Cependant – et c'est mon dernier point –, l'examen de ce texte par la commission des lois a permis de mettre en lumière un certain nombre de points sur lesquels nous souhaiterions que cette discussion puisse permettre des avancées. La gestion de la carrière des magistrats, comme l'organisation du régime de maintien en activité au-delà de la limite d'âge, pourraient être améliorées.

Tout d'abord, l'allongement de la carrière des magistrats nécessitera de repenser les conditions d'exercice des fonctions juridictionnelles. Si aujourd'hui 63 % des magistrats partent en retraite après l'âge de soixante-deux ans, l'application des mécanismes de décote devrait inciter un nombre croissant de membres du corps à prolonger leur carrière au-delà de l'âge d'ouverture des droits à pension.

Il ne faudrait pas que cet allongement entraîne paradoxalement un transfert de charges en accroissant les effectifs des magistrats des deux grades les plus élevés, alors que la gestion du contentieux de masse, en accroissement constant, repose essentiellement sur les magistrats du premier grade. Il sera donc nécessaire de prévoir le reprofilage du déroulement de la carrière des magistrats, afin que le maintien dans les cadres d'un nombre plus élevé de magistrats des plus hauts grades ne se traduise pas par une diminution relative du nombre des recrutements et, in fine, par un accroissement de la charge de travail pesant sur les magistrats affectés dans les juridictions de premier degré.

En outre, à l'occasion de l'examen du projet de loi en commission, nous nous sommes particulièrement penchés sur le régime du maintien en activité. La rédaction initiale du projet de loi renvoyait à un texte organique renvoyant lui-même à l'état du droit existant « avant l'intervention de la loi organique du 13 septembre 1984 ». Votre commission des lois a jugé bon de simplifier le droit en codifiant au sein de l'ordonnance organique portant statut de la magistrature les dispositions relatives à ce statut. Cela permet de vous proposer d'abroger les trois lois organiques précédentes, ce qui va dans le sens de la simplification du droit, même lorsque celui-ci s'applique à des professionnels.

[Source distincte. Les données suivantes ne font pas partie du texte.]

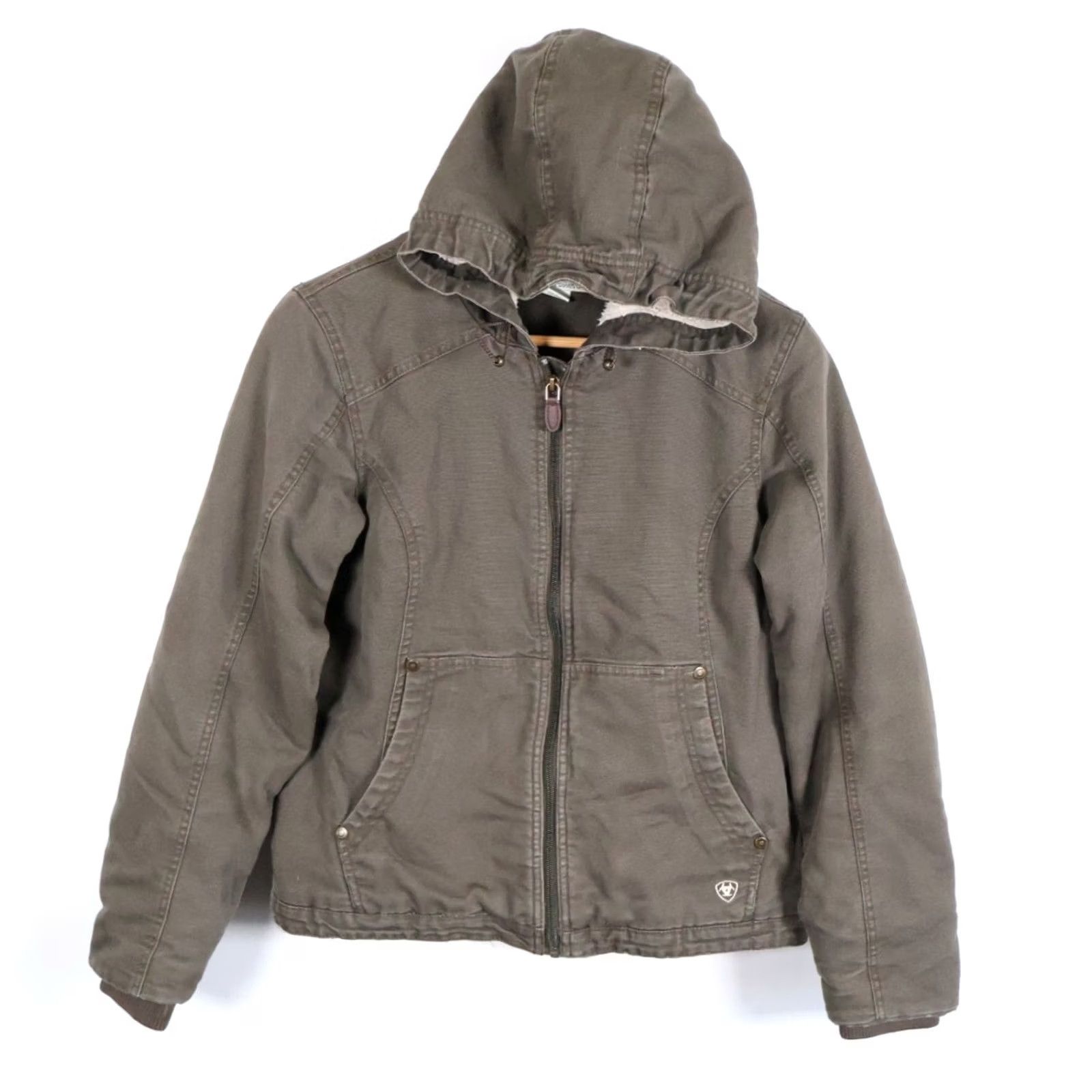 Ariat Ariat Jacket Women’s Medium Green Hooded Sherpa Lined Canvas Full Zip Shirt Coat? Size M / US 6-8 / IT 42-44 - 2 Thumbnail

Ainsi, comme dans sa rédaction initiale, le projet de loi organique prévoit que les magistrats ne pourront désormais être maintenus en activité que pendant une année – celle qui s'écoulera entre leur soixante-septième et leur soixante-huitième anniversaires. Afin de garantir une meilleure administration de la justice, il serait souhaitable que les magistrats du premier ou du second degré qui demandent à recourir à cette possibilité soient maintenus dans les fonctions qu'ils exerçaient précédemment, plutôt que d'être nommés dans une nouvelle affectation, afin, notamment, de continuer à faire bénéficier la juridiction de l'expérience qu'ils ont acquise dans leur poste. C'est le sens des amendements qui vous seront proposés sur l'article 3.

Ainsi, mes chers collègues, au nom de la commission des lois, je vous propose d'adopter le présent projet de loi organique, avec ces quelques améliorations. Ce texte devrait ainsi permettre d'appliquer aux magistrats de l'ordre judiciaire les principes de la réforme des retraites, tout en leur apportant, jusqu'à leur départ en retraite, les garanties de déroulement de carrière nécessaires à une justice impartiale et sereine. (Applaudissements sur les bancs du groupe UMP.)